Leonardo Favio – Antologia Musical (1992)
Leonardo Favio – Antologia Musical (1992)
01 - Ella ya me Olvido 02 - Quiero aprender de memoria 03 - Lo mismo que tu 04 - O quizas simplemente te regale una rosa 05 - Hola Che 06 - La conoci en un parque 07 - Fuiste mia un verano 08 - El niño y el canario 09 - Ni el clavel ni la rosa 10 - No juegues mas 11 - Asi es carolita 12 - No ser dios y cuidarlos 13 - Amanecer y la espera 14 - Para saber como es la soledad 15 - Anny 16 - Alguna vez una cancion 17 - De pronto sucedio 18 - Ding Dong 19 - Y el mundo sigue girando 20 - La foto de carnet
Leonardo Favio was one of Argentina’s foremost film directors and a popular singer-songwriter throughout Latin America. He was also a close ally of Juan Perón.

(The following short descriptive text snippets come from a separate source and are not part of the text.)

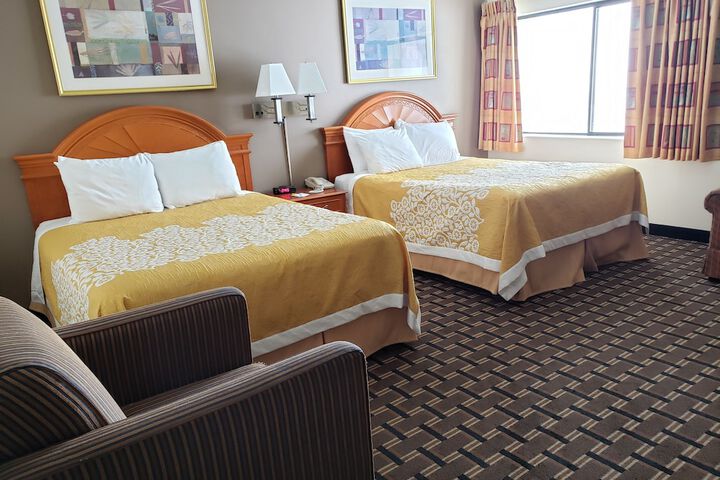 1 Queen Bed No Elevator (28 of 33)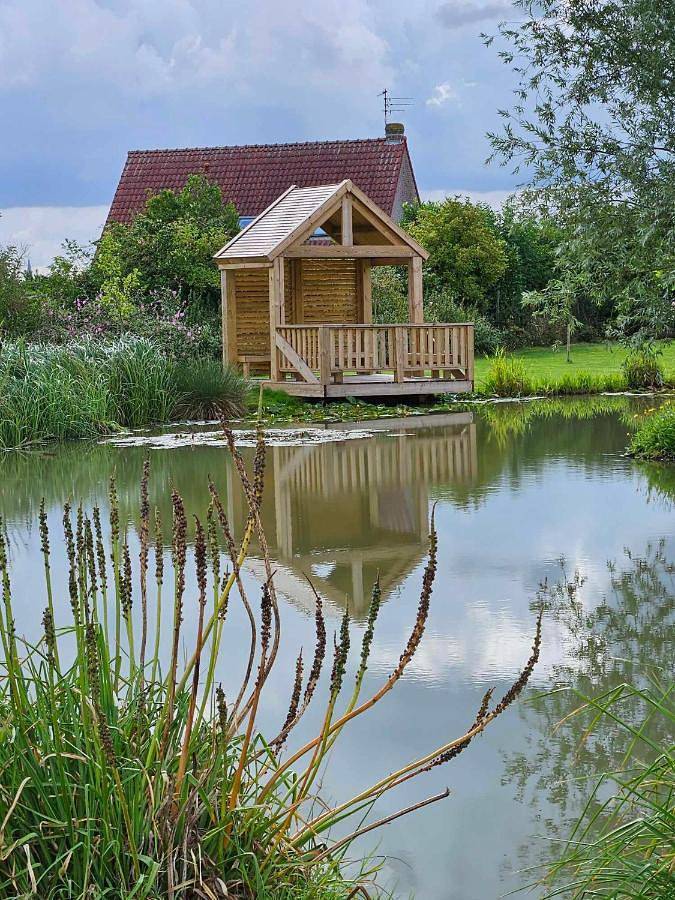 Gîte pour 4 personnes, avec Terrasse et Jardin ainsi que Piscine et Vue à Radinghem-en-Weppes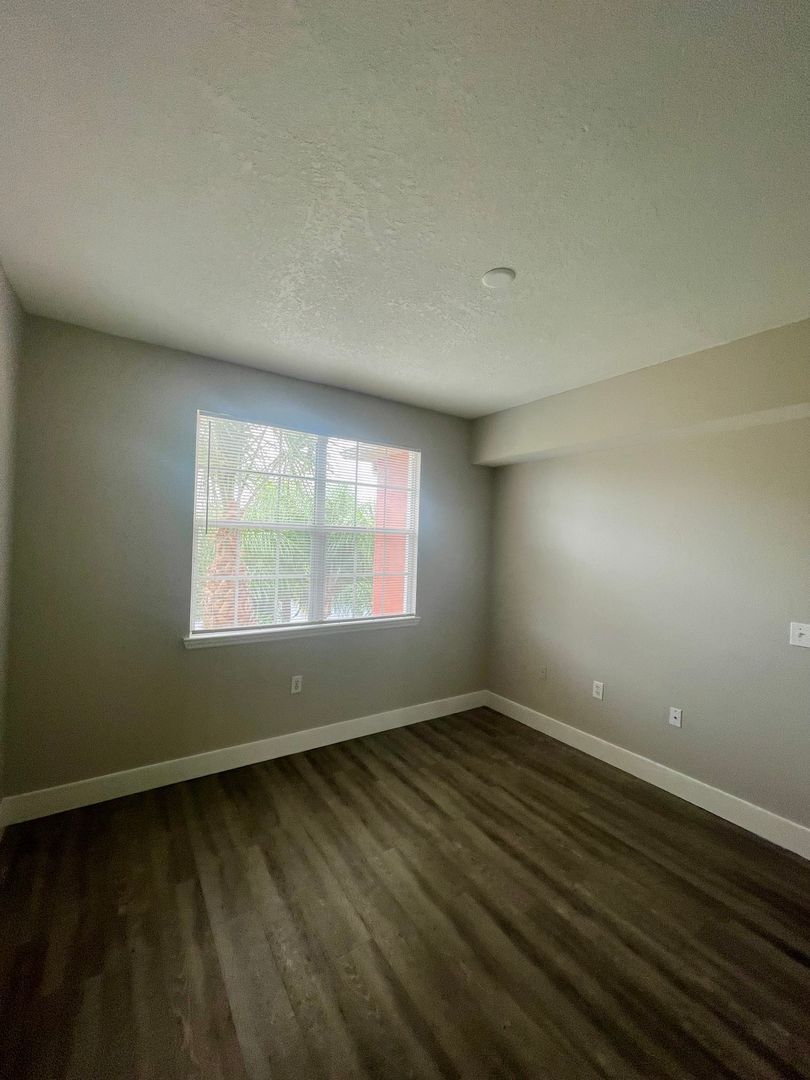 Building Photo - 1 Bedroom / 1 Bath Condo in Gated Community.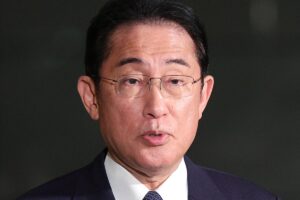 ボロ負け予測に怖じ気づいて岸田首相解散できず！　息子・翔太郎は「嫁取りが…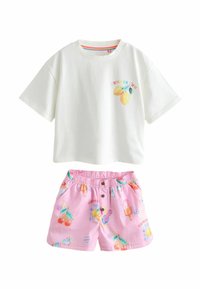 Wit T-shirt met korte mouwen met citroenen en de tekst "SUMMER FUN", gecombineerd met roze korte broek met knopen met prints van kersen, ijslolly's en zonnebrillen.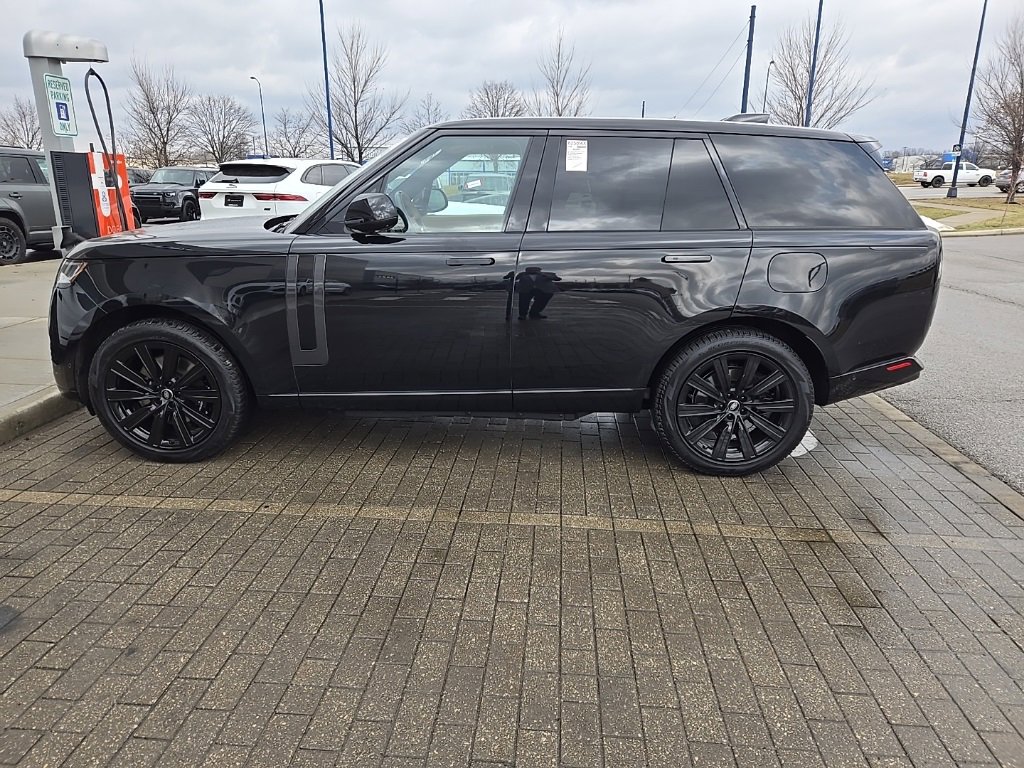 Used 2025 Land Rover Range Rover SE image 8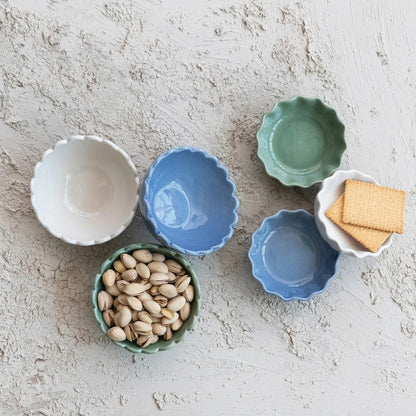 Stoneware Scalloped Bowl, 3 Colors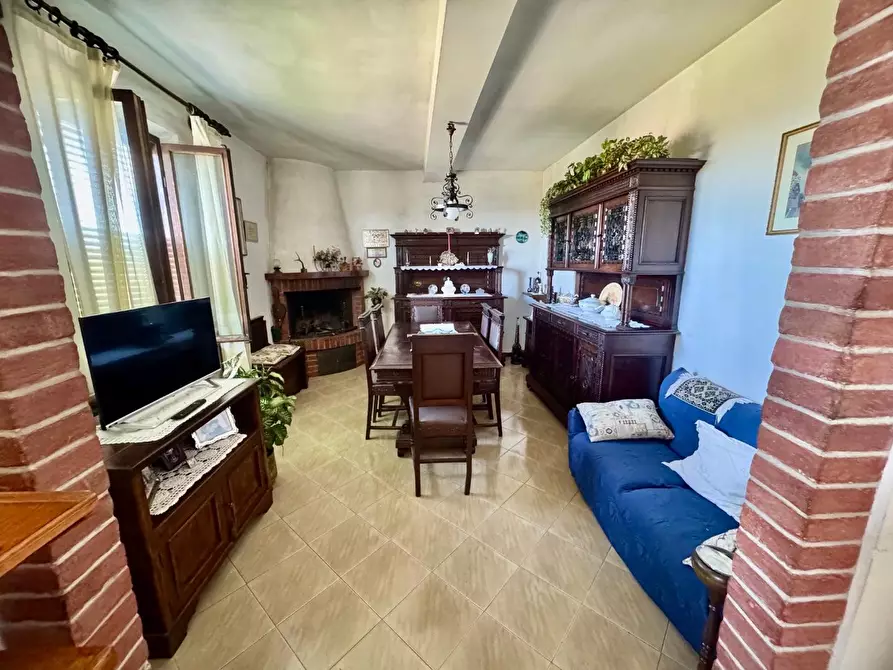 Immagine 9 di Appartamento in vendita  a Siena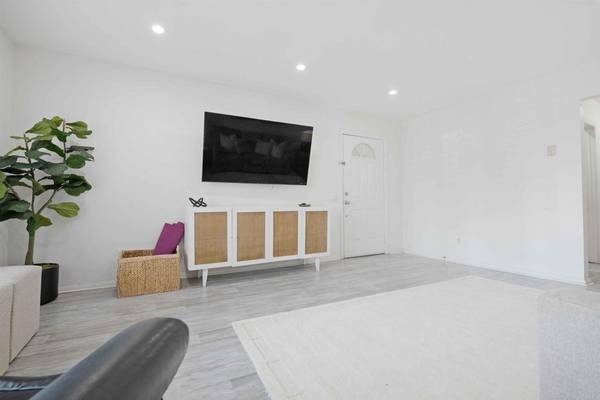 Chula Vista, CA 91911,1420 Hilltop DR #408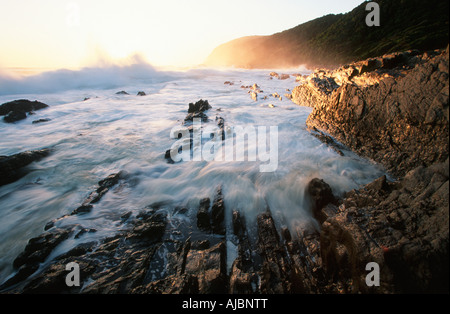 Scenic côtières avec des vagues se brisant sur les rochers Banque D'Images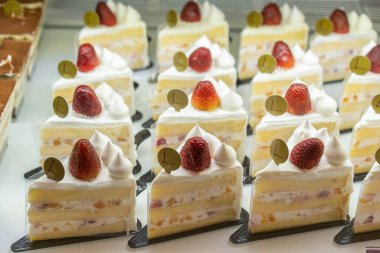 Kuala Lumpur, Malezya - 1 Kasım 2025: Fırın çantasında satılık çilekli kek dilimleri.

Fuad Jorge Jury was born on May 28 1938 into a family of Syrian-Lebanese origin at Luján de Cuyo, in the western Argentine province of Mendoza. He had a turbulent childhood, marked by his father leaving the family home. His mother struggled to make ends meet and Favio, as he became known, was frequently in trouble with the law.
As a young man, Favio trained at a seminary and enlisted in the Navy before trying his luck as an actor in Buenos Aires. He worked under the director Leopoldo Torre Nilsson, and his good looks helped him establish a reputation as the Argentine James Dean. Favio quickly developed an ambition to be on the other side of the camera, however, and directed his first short film in the late 1950s.
His first feature film, Crónica de un niño solo (Chronicle of a Lonely Child, 1965), drew on his experiences as an adolescent, portraying sombre scenes in Argentine youth detention centres and gritty social problems which he himself had encountered.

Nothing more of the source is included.